When Ibn al’Arabi talks about the imagination, he places it in the category of things that makes us a proper image of the divine. When we engage our imagination fully, we imitate the creative act through which God created the world. This mirroring is one of the reasons that we can even begin to make sense of what would otherwise be the utter ineffability of God, though it is also the source of a lot of our misunderstandings, too. Our imagination is concrete and specific, motivated by, and concerned with, other concrete and specific things. God’s creative power is total, which is something we don’t have the chops to grasp.
The objects of our imagination are similarly inferior. They are dependent upon the imaginer as the created world is dependent on God. Imagination is finite like the imaginer and when the imaginer turns their attention from it, the objects of it cease to exist, unless the imaginer returns attention to them. There is an exception for Ibn al’Arabi, though. It is possible for another spirit to take interest in the imagined object and sustain it for the imaginer. This gives the imagined object a degree of independence from the imaginer.
I want to develop this within the framework that I have laid out here. I don’t have anything too fancy in mind, just a few observations.
With Enough Men to Make an Angel
While Ibn al’Arabi speaks of other spirits like angels taking over for the imaginer, it is entirely possible for other humans to do so, too. I suspect Ibn al’Arabi doesn’t focus overmuch on that possibility simply because it was so rare during his time for enough people to nourish an imaginary object with enough attention to sustain it.
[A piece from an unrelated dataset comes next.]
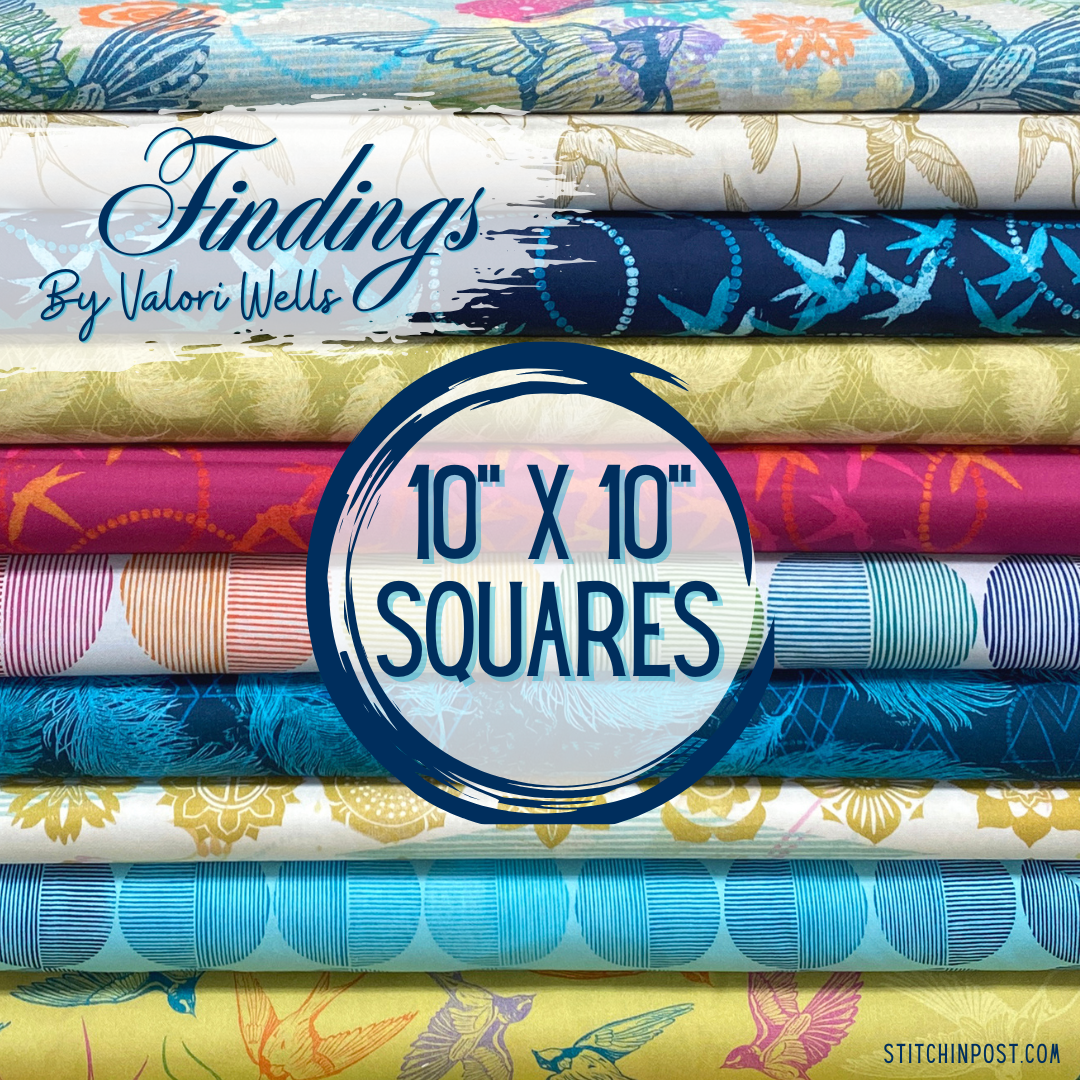 Findings 10" x 10" Charm Pack Precuts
Contrast that with the present where industrialization has produced both luxury and population on an unimagined scale. There are more people and many have attention to spare. on the imagined objects of their fellows. What once required an angel may now be achieved by distributed human imagination. This distributed attention will be distinct from angelic attention, though, as the quality of imagination brought to the subject will vary widely.
(Bonus: Read the Tower of Babel story with this in mind. Read some fan fiction.)
Heating the Waters
What is it that we do when we imagine? From my somewhat peculiar Kabbalistic perspective, imagination extrudes a coil within our personal Yesod. While that coil is more fragile and tends to collapse back into our Yesod, when it operates it can be strengthened and intensified just like our own. Our spiritual vitality may be channeled through it and purified.
The narrowness of this micro-coil limits the thoroughness of the purification, but it is nonetheless a real one.
(Bonus: Consider what artists actually do to produce a work of art, the process of vision and revisioning, in this light.)
Unfurling the Hidden Banners
What manifests in imagination unfolds from within our own power. Whiile the process takes place in the passive sphere of Yesod, the force that guides the imagination originates in Tifaret. When the two are allowed a degree of free play, what we uncover in the process tells us both about our divine character (the force within Tifaret) as well as our psychic disposition (which provides the medium for imagination).
Carl Jung made this technique one of the keystones of his psychological method and though often disparaged by spiritual sorts as mere play, what manifests in that play provides hints of both our character and our destiny.
(Bonus: Read Liber Novus / The Red Book and ask yourself what else is going on in Jung’s account.)